But, she says, she’d got to the point where she wanted the time to sit on her step, “enjoy a cup of tea in the sunshine and read the paper,” instead of rushing off to the office.
However, that didn’t make the transition out of the nine-to-five any easier, and she admits she struggled to adapt.
Now Mrs Stirk, who became a familiar face during her years in the broadcast industry before carving out a successful PR career, has set up an online community in the hope of helping like-minded women adjust to life outside of the working world.
“I struggled for years to come around to the idea of retirement, and when I finally did it, last February, it wasn’t easy,” Mrs Stirk, 68, told The Yorkshire Post.
“My mind was always full of ideas, plans, and creative things for clients, and even though I’d made that decision to retire there was something rumbling away in the back of my mind.”
That was The Time of Your Life, a website and social media channels aimed at women in their 50s and beyond that who are approaching retirement or recently retired.
Mrs Stirk, of Brandsby near York, hopes to create a welcoming space for women to share their own stories, feelings and anxieties about retirement, and eventually would like to open up the online community to “real-life” events too.
Initially a lecturer in food and nutrition, Mrs Stirk, who is married to Ken, began her broadcast career with a five-year stint on This Morning, where she started as a food stylist. This eventually led to opportunities in front of the camera as a presenter on Open House with Gloria Hunniford, Channel 4’s You Are What You Eat and several series with Yorkshire Television.
She went on to found an award-winning PR firm, Absolutely Food, which was wound up last year when she retired.
“When I had my office, my dog Sam used to come into work with me, and we’d go on a circular route for a walk, but I was always rushing to get back,” Mrs Stirk said.
“When you’re retired, there’s no longer those deadlines, and that was what defined me before.
“Now, when I go down to the river with Sam, there’s nothing to rush back for.
“I think at first that’s where I struggled, and I feel that if I’d had someone to share these feelings with, the transition would have been easier.
“That’s where I hope The Time of Your Life can come in.”
Mrs Stirk prepared for retirement by planning a series of trips and events to keep busy, some of which she has chronicled on the website.
She also packs her time with volunteering at Easingwold Tourist Office, and spending more time with her grandchildren Jack, 15, Jacob, 13, and Jaime, 11. “There must be so many women out there, with similar feelings, wanting to retire, but thinking ‘what next?’ She added: “For me, work was a hobby and my career.
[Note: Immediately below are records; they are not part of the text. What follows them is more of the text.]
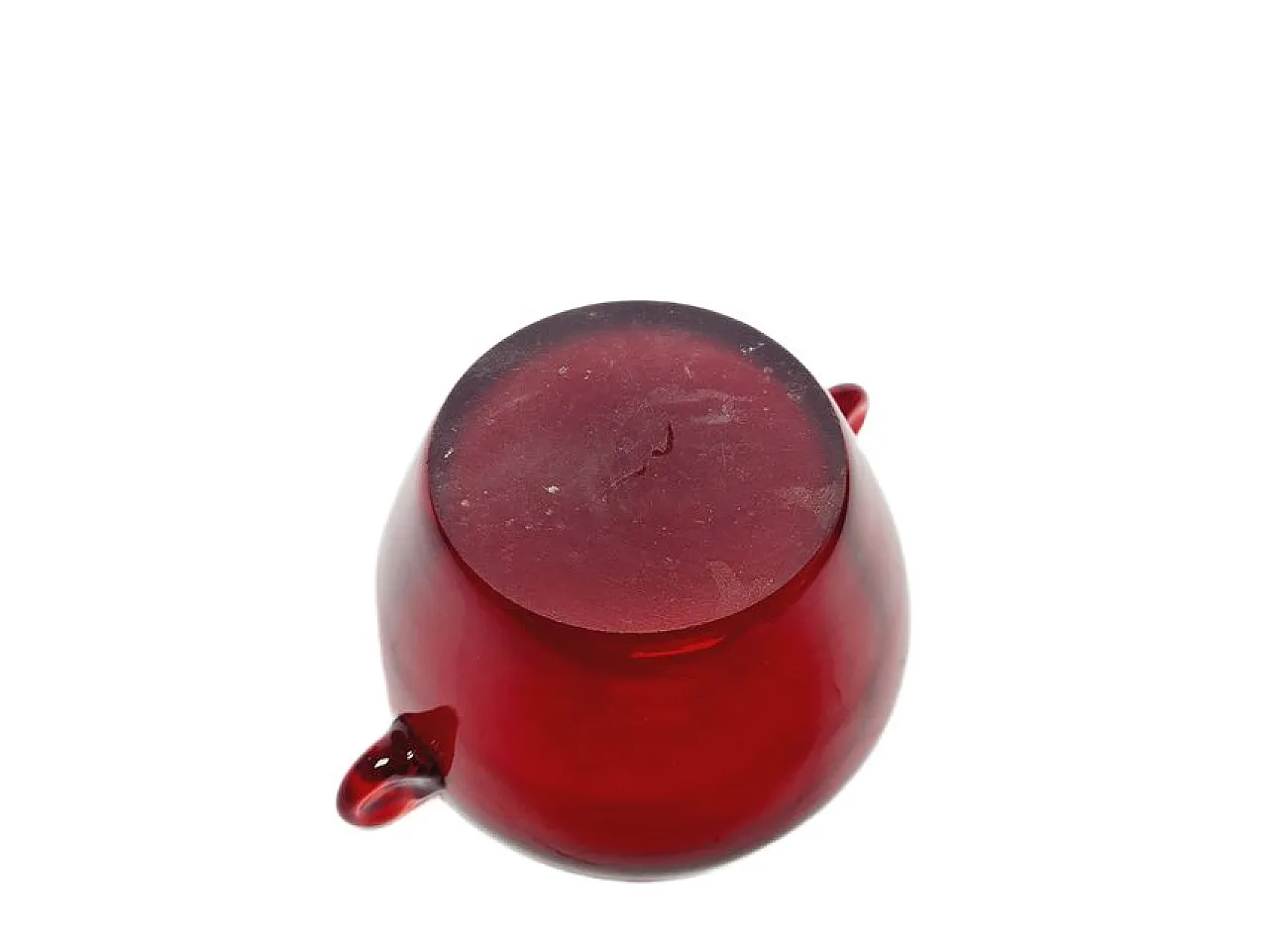 Vaso postmoderno della vetreria Wołomin, Polonia, anni '70. 8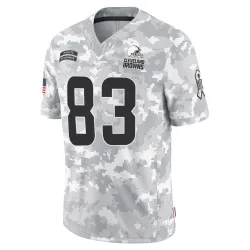 Cleveland Browns Youth Limited Arctic Camo 2024 Salute to Service Jersey (83 Kisean Johnson)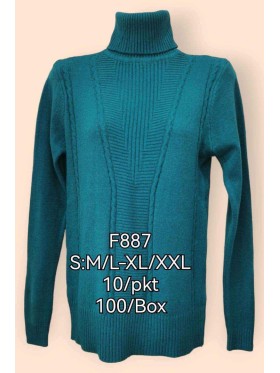 Swetry damskie , Size S-XXL, paczka 14szt,mix kolor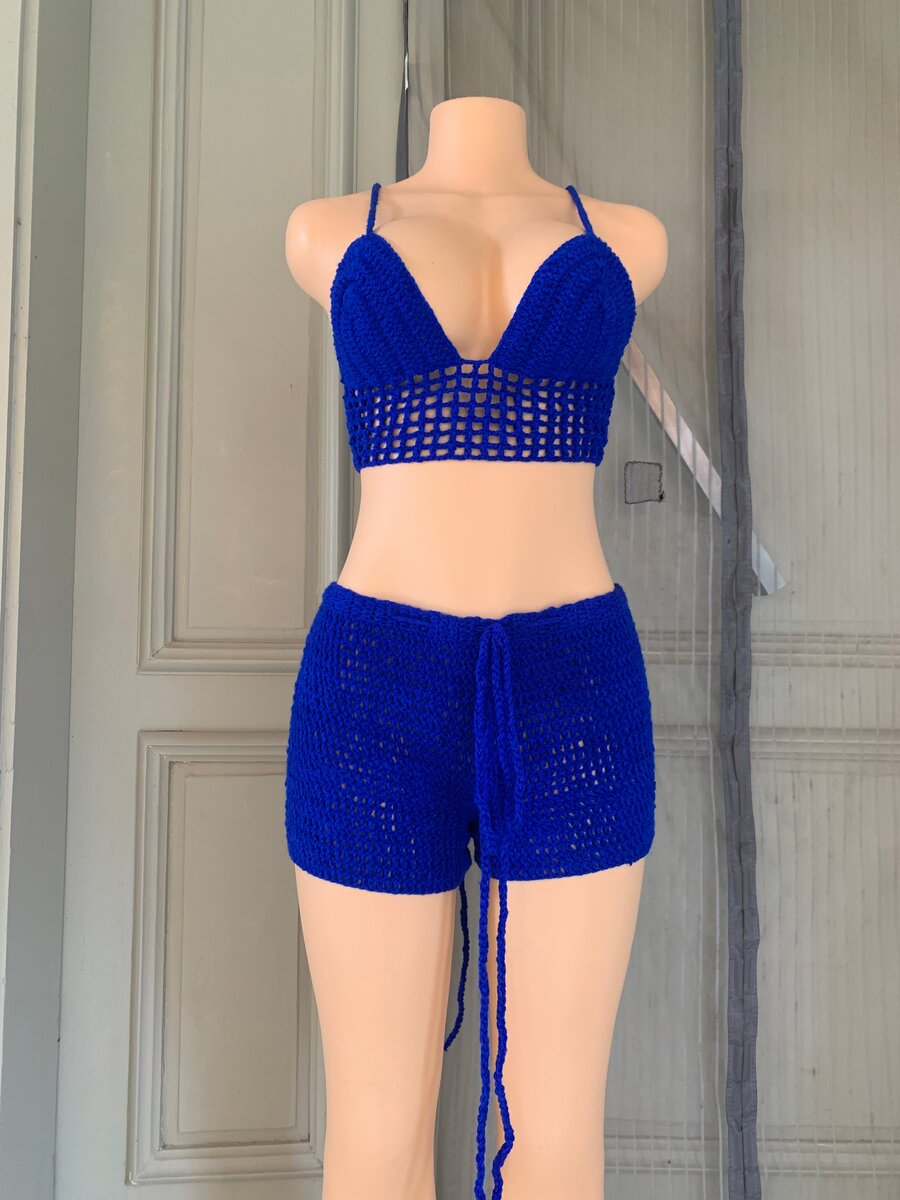 Ensemble bikini crochet
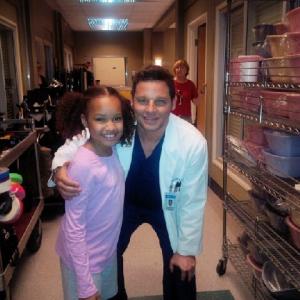 Grey's Anatomy set with Justin Chamber - Dr. Alex Karev season 12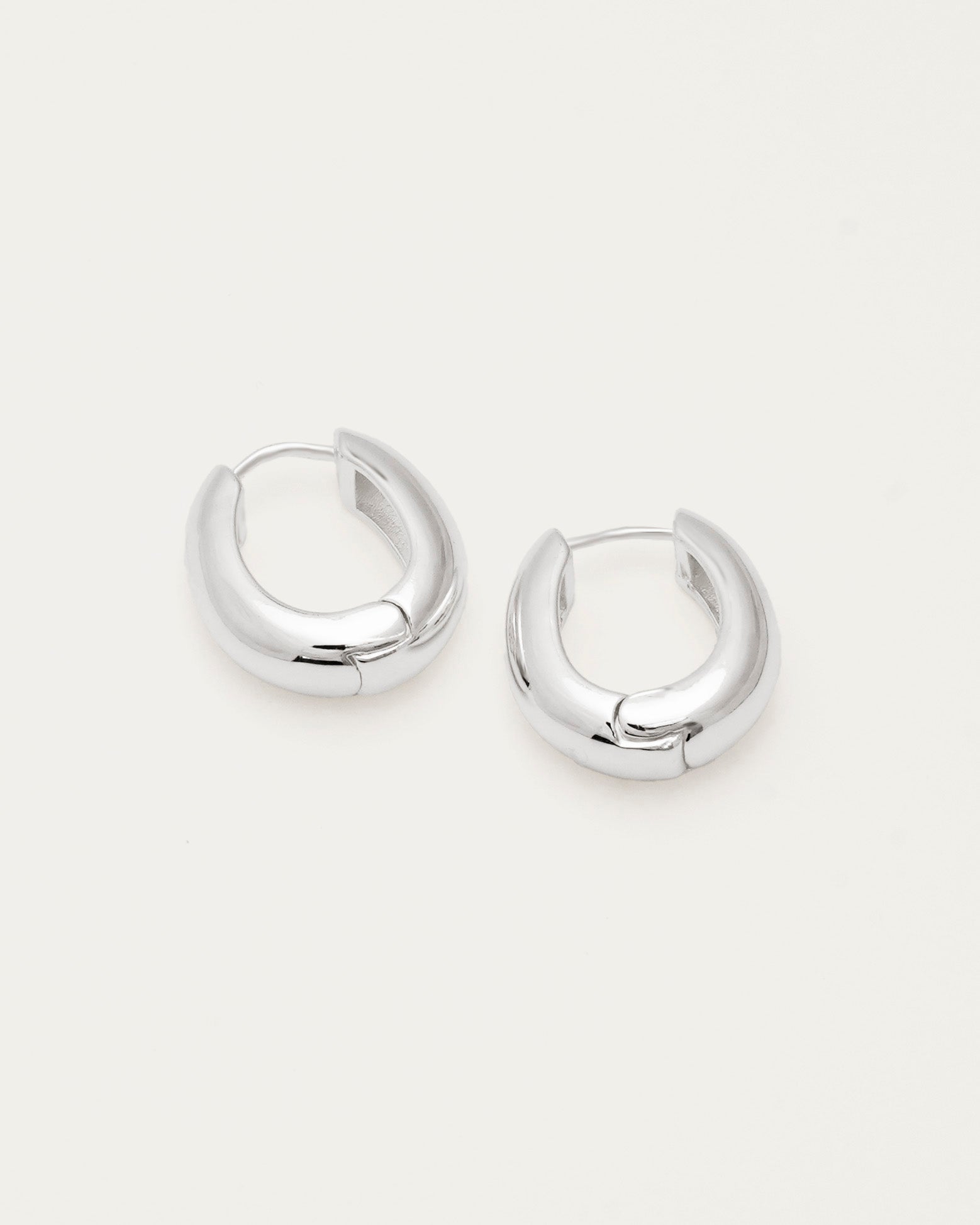 Medium Silver Hoop Earrings - Miwanna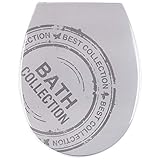 Sanwood O-Form universal Toilettendeckel mit Absenkautomatik, Made in Europa, abnehmbarer ovaler Toilettensitz, Antibakterieller Toilettendeckel Toilettensitz Duroplast, WC Deckel, Klodeck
Just like so many life changes that can make you feel isolated or lonely, like divorce, family bereavement or even the menopause, there are all sorts of feelings around retirement that could derail you.
“I want to create a community that’s age-positive for women who are at that stage in their life where the possibilities are endless – but it’s OK to acknowledge that everything is not quite OK.”
For more details about the project, visit the website www.timeofyourlife.today. It is described as “a celebration of a golden time, full of opportunities, new experiences, relaxation and more importantly, fun”.
One in five adults who retired in the last five years admitted finding it difficult, a report by the Centre For Ageing found last year.
The survey also showed that some 17 per cent of workers worried about being lonely in retirement. Only about half of UK workers planning to retire in the next five years are looking forward to it, with 41 per cent worried about managing their money and a third concerned about feeling bored.
The Yorkshire Post has been campaigning to raise awareness of the health effects of loneliness, which can be as damaging as smoking 15 cigarettes a day, since 2014.